(PROVIDED RECORDS):

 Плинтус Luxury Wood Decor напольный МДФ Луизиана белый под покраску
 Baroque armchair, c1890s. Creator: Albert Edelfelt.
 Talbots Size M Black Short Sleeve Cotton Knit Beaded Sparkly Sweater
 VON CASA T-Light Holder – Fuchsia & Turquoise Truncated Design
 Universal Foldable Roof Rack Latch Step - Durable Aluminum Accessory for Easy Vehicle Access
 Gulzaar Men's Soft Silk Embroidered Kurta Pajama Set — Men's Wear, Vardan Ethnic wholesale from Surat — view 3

==

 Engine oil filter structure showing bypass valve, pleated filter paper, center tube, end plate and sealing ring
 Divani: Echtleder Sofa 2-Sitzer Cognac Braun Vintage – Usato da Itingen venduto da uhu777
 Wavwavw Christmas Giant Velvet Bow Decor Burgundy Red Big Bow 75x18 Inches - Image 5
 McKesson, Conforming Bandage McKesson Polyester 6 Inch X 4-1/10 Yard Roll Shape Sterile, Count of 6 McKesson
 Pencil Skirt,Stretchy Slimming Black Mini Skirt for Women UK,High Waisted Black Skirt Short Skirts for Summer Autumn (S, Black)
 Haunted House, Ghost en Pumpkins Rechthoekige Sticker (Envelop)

==

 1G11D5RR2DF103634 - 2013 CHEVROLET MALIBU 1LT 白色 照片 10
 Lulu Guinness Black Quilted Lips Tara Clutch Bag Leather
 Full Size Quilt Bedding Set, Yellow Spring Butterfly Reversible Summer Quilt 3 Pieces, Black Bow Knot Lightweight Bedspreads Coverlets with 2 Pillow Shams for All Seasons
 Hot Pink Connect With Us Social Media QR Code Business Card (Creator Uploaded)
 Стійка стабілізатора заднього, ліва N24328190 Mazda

(TASK PROMPT): Reprint exactly the lines above that start at the one with "Lulu Guinness Black" and end at the one with "Стійка стабілізатора заднього, ліва", keeping both and adding none.

(YOUR RESPONSE):
 Lulu Guinness Black Quilted Lips Tara Clutch Bag Leather
 Full Size Quilt Bedding Set, Yellow Spring Butterfly Reversible Summer Quilt 3 Pieces, Black Bow Knot Lightweight Bedspreads Coverlets with 2 Pillow Shams for All Seasons
 Hot Pink Connect With Us Social Media QR Code Business Card (Creator Uploaded)
 Стійка стабілізатора заднього, ліва N24328190 Mazda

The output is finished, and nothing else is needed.